> _Records provided_
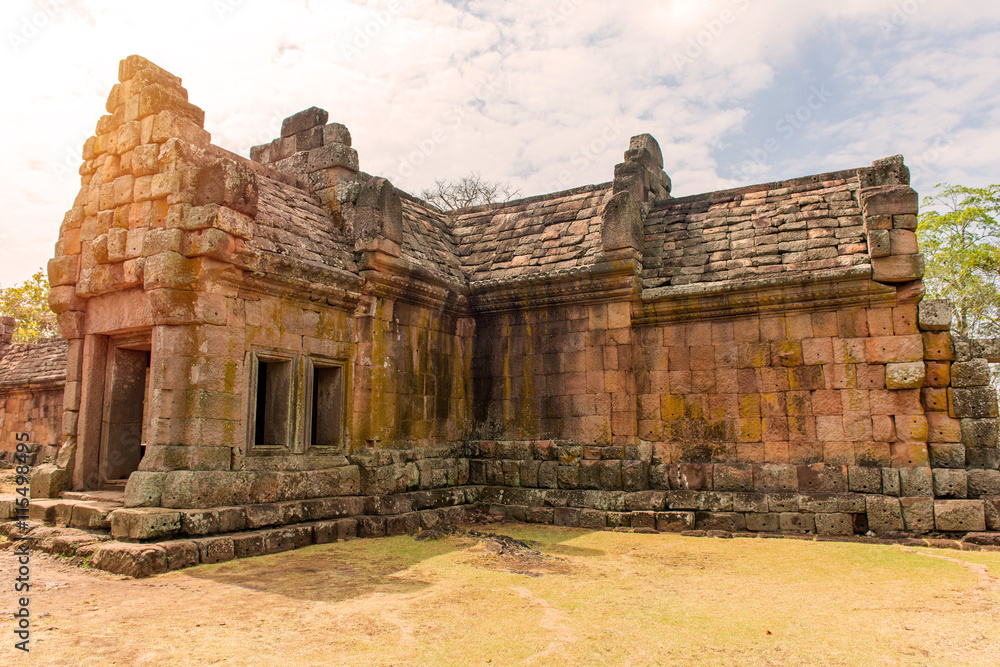 Stone castle in Prasat Hin Phanom rung Historical Park, Thailand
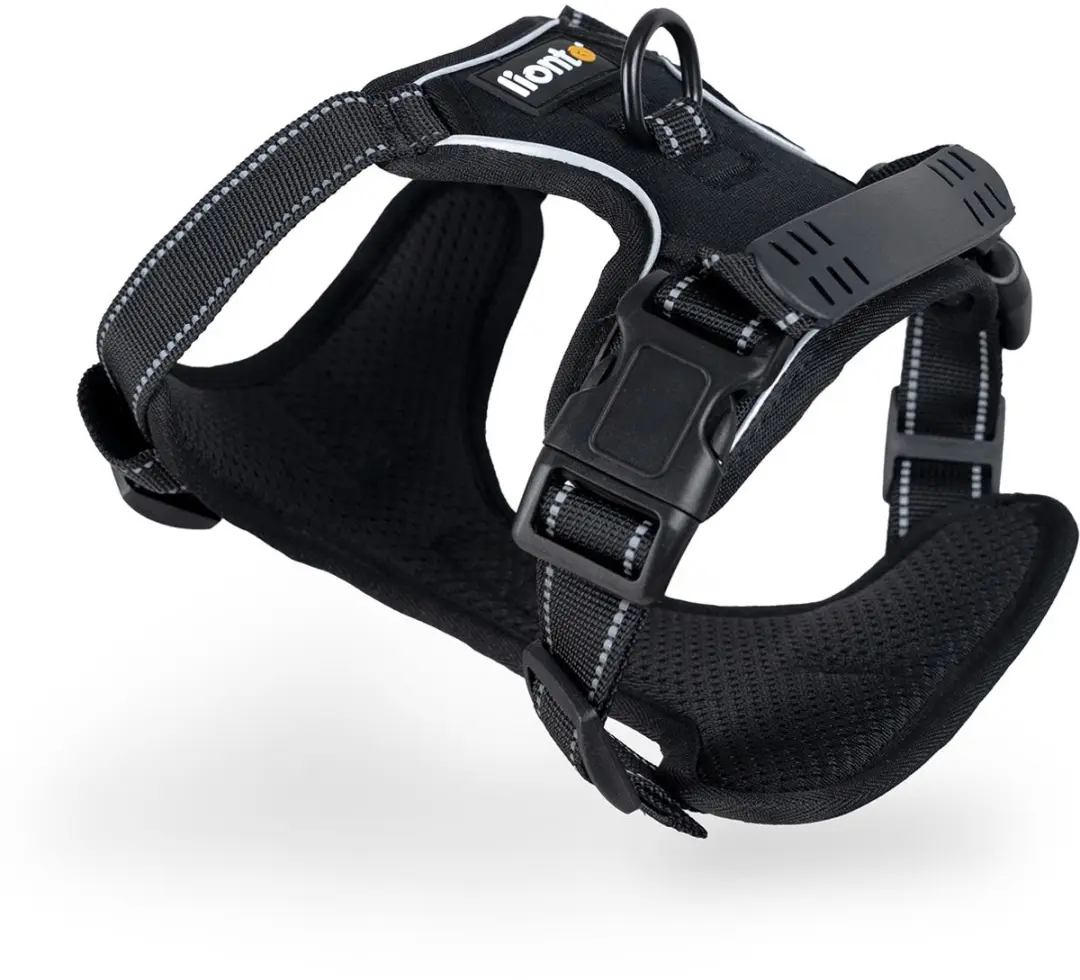 lionto anti-trek hondentuig, verstelbaar, reflecterend & ademend, zwart XL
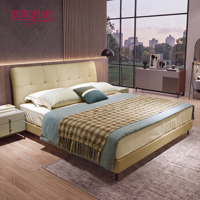 LOONGFUNG Cadre de lit moderne en cuir véritable avec sommier en bois de pin et mousse haute densité, taille King Size, mobilier de chambre à coucher, direct usine
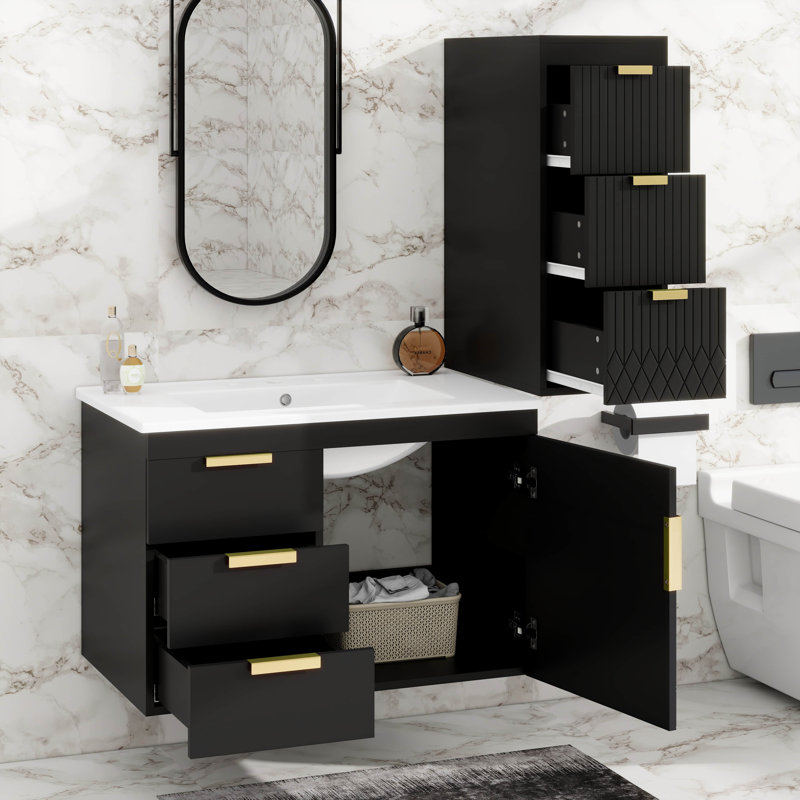 Meuble-lavabo flottant mural 30 po avec armoire latérale, Noir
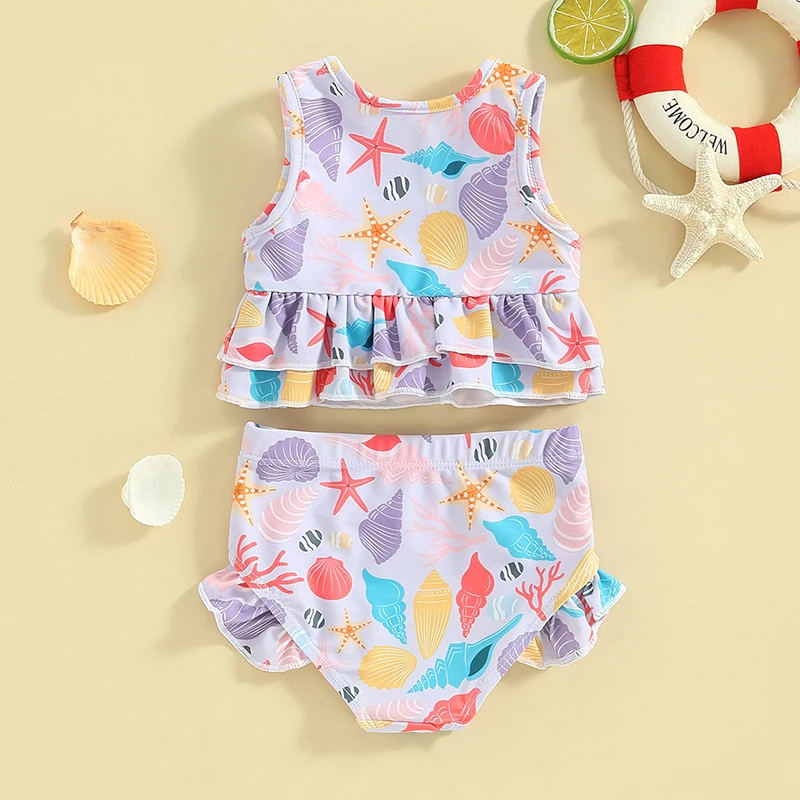 0-3T Toddler Girl\'s Summer Bikini 2 Pcs Set Starfish Print Sleeveless Round-Neck Ruffled Tank Tops with Shorts Swimsuit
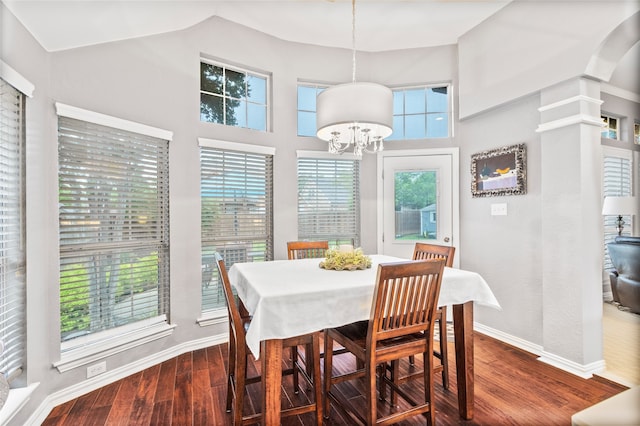 4009 Fairfax Ct, Flower Mound, TX 75028 - dining room with wood finished floors, a chandelier, baseboards, and a high ceiling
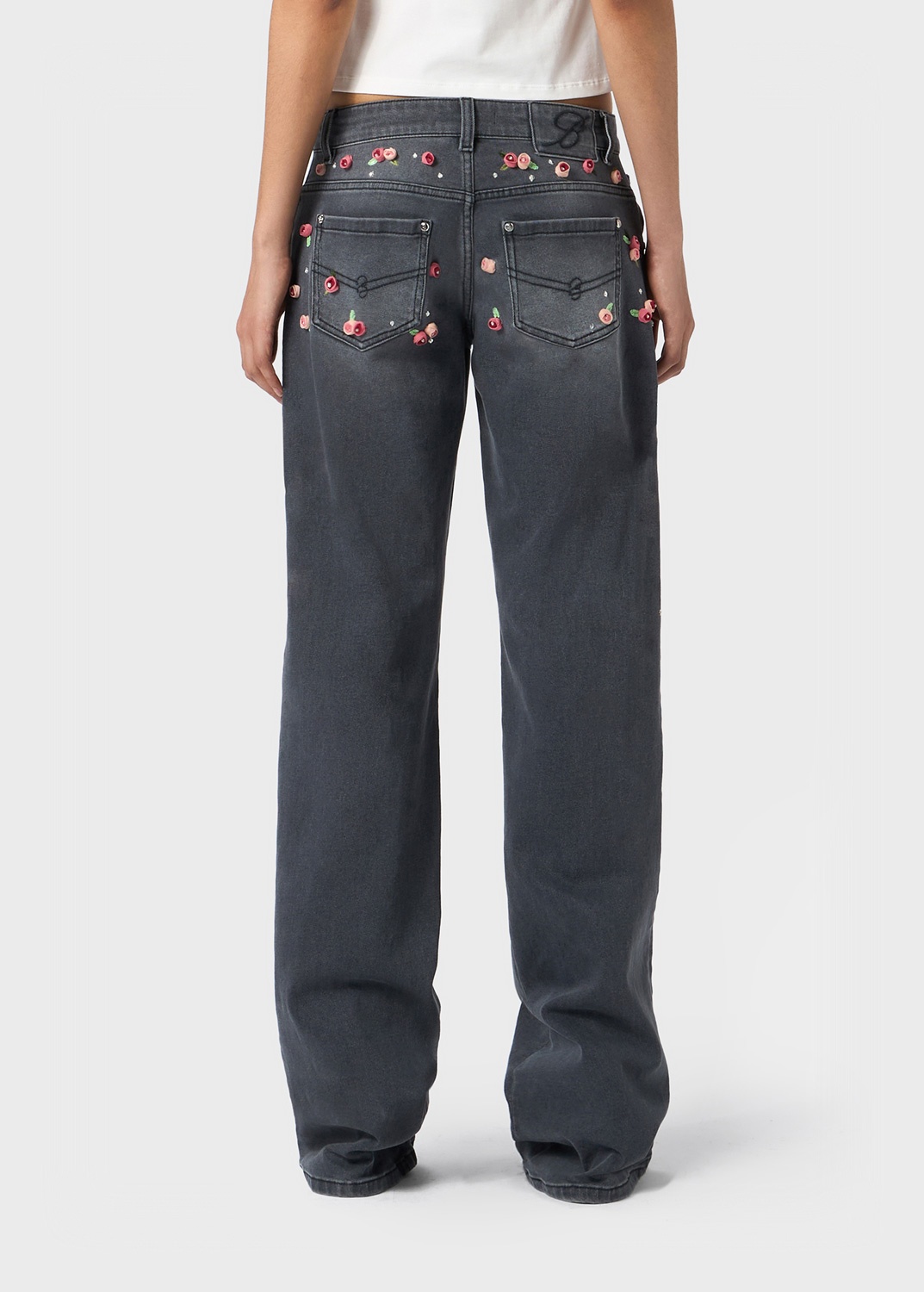 WIDE LEG JEANS WITH EMBROIDERY ROSES - 4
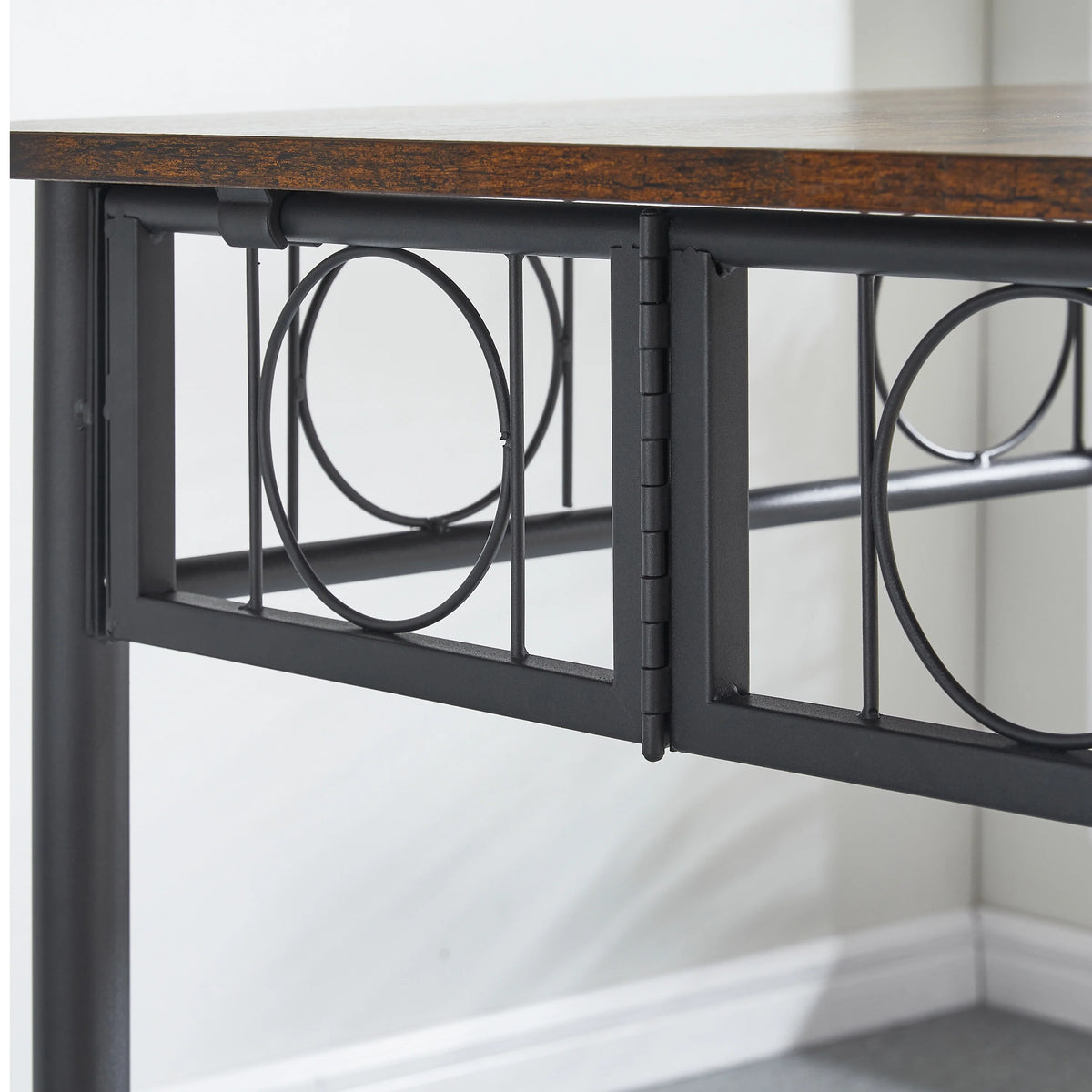 Square Iron Wood Dining Table V83647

> _The problem_
In the entries above, find the line with "LOONGFUNG Cadre de" and the line with "Meuble-lavabo flottant mural". Return exactly those lines and all the ones between them, pictures excluded.

> _Answer box_
 LOONGFUNG Cadre de lit moderne en cuir véritable avec sommier en bois de pin et mousse haute densité, taille King Size, mobilier de chambre à coucher, direct usine
 Meuble-lavabo flottant mural 30 po avec armoire latérale, Noir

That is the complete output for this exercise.